The goal of this paper is to compress (yet distil) a dataset into a very small number of synthetic images that one can use to train the network in … 1 iteration!

Main idea

Given a minibatch \(\bm x_{t} = \{x_{t,j}\}_{j=1}^{n}\), a gradient descent step is simply:

\[\theta_{t+1} = \theta_{t} - \eta \nabla_{\theta_t}l(\bm x_{t},\theta_{t}).\]

The aim of this paper is to compute \(\tilde{\bm x}= \{\tilde{x}_{i}\}_{i=1}^{M}\) a set of M synthetic images (where M is much smaller than the size of the training set) as well as a learning rate \(\tilde{\eta}\) so a single gradient step can lead to some optimal solution:

\[\theta_1 = \theta_0 - \tilde{\eta}\nabla_{\theta_0} l(\tilde{\bm x}, \theta_0)\]

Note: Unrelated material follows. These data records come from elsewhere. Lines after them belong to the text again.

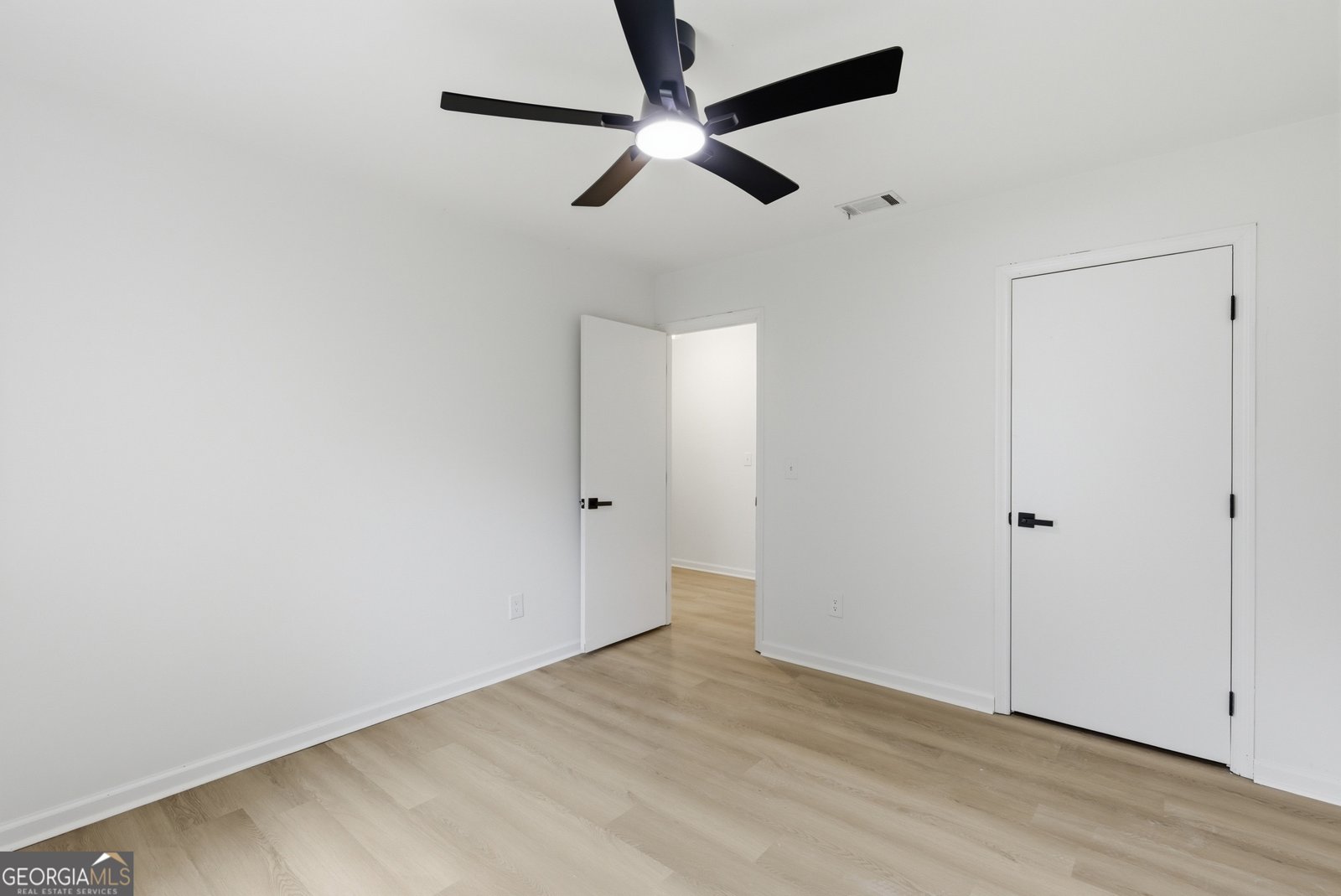 26 Douglas Court Bloomingdale - Photo 16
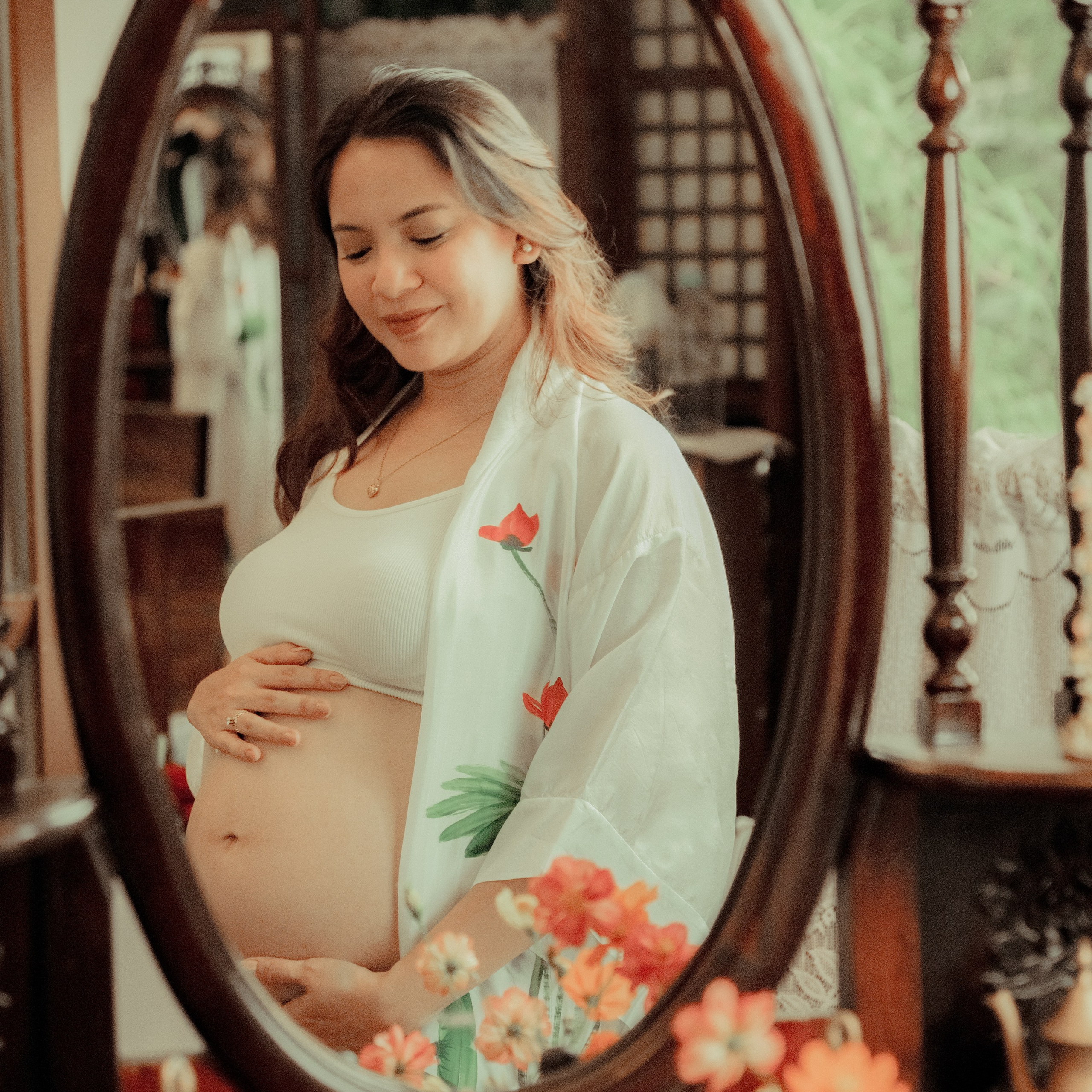 Pauline // Maternity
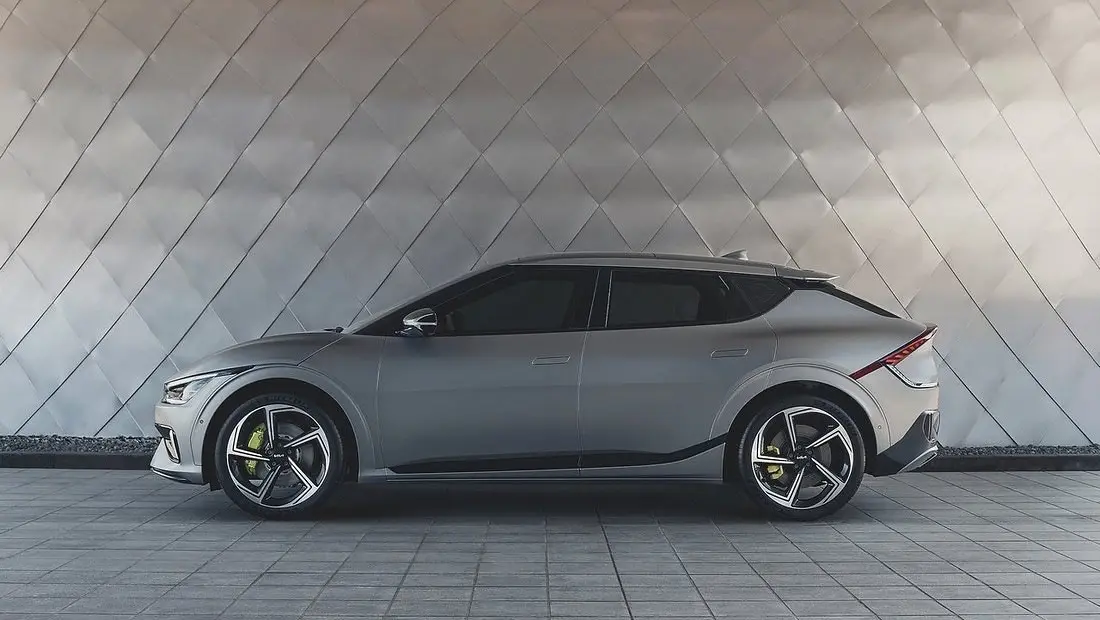 기아 EV6 GT 가격 실구매가 모의견적 제원 옵션 카탈로그 내부 색상 디자인 인테리어 전기차 지원금 총정리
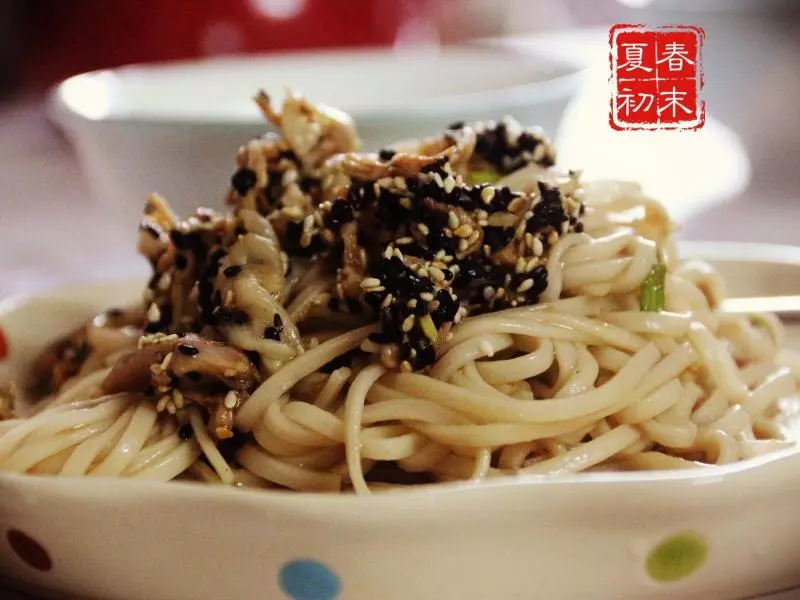 芝麻雞絲拌蕎麥麵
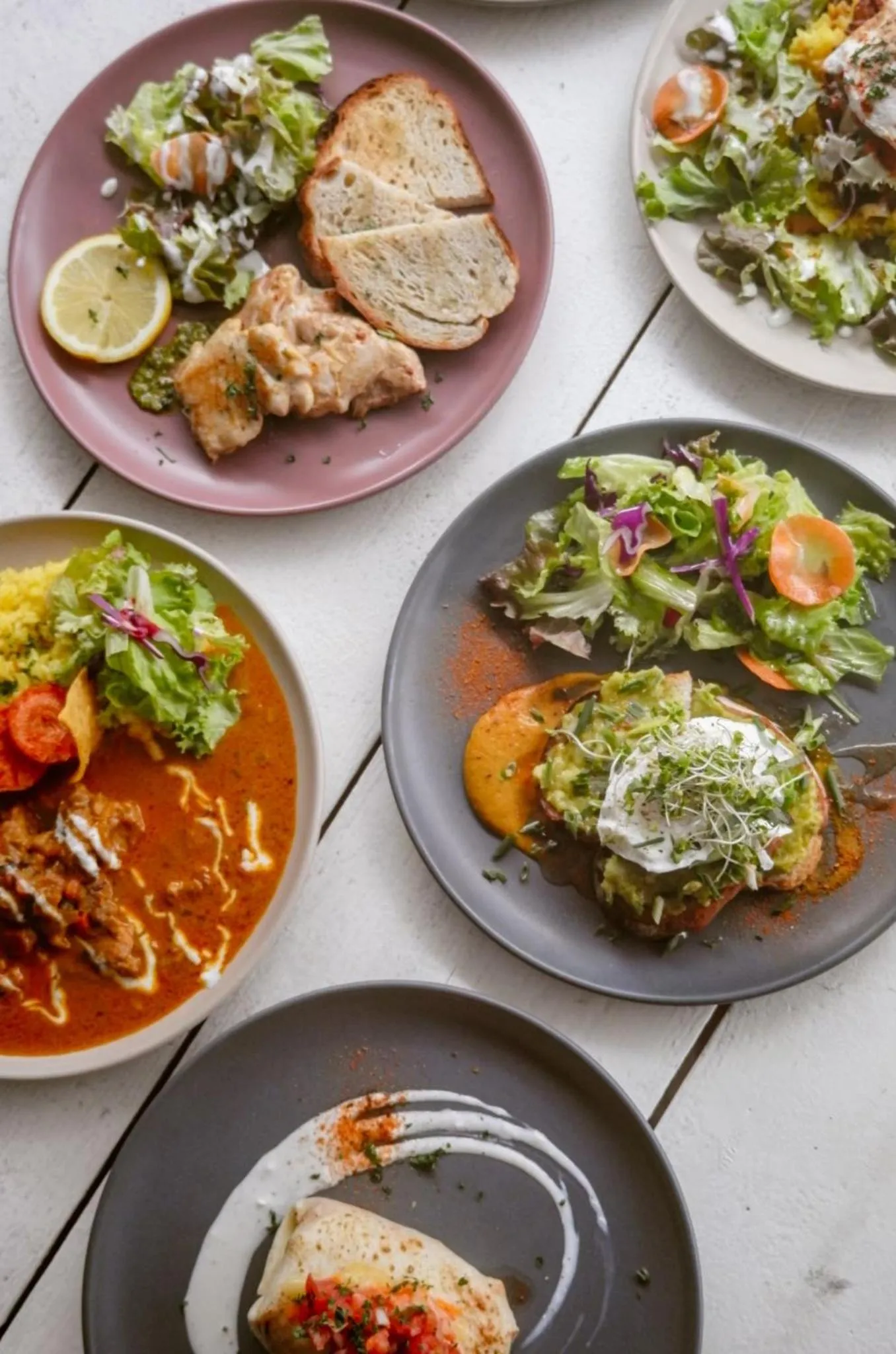 AIEN Coffee & Hostel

where \(\theta_0\) is the inital set of weights and \(\theta_1\) is the optimal set of weights. Given \(\theta_0\), \(\tilde{\bm x}\) and \(\tilde{\eta}\) are optimized as follows:

\[\tilde{\bm x}, \tilde{\eta} = \arg\min_{\tilde{\bm x}, \tilde{\eta}} l(\bm x,\theta_1) = \arg\min_{\tilde{\bm x}, \tilde{\eta}} l(\bm x, \theta_0 - \tilde{\eta}\nabla_{\theta_0}l(\tilde{\bm x},\theta_0)\]

and since that loss is differentiable wrt \(\tilde{\bm x}, \tilde{\eta}\), they can be computed with standard gradient descent. However, the authors argue that finding an optimal solution from one init set of weights \(\theta_0\) do not generalize well. As an alternative, they compute \(\tilde{\bm x}, \tilde{\eta}\) from serveral init weights \(\theta_0^j \sim p(\theta_0)\) as illustrated in Algorithm 1.

That is pretty much what the main idea of the paper is. The paper reports results from Random Init, Fixed Init, and pre-trained weights.


Results are shown in the Fig.2 and 3. For MNIST they used LeNet CNN and for CIFAR10 AlexNet.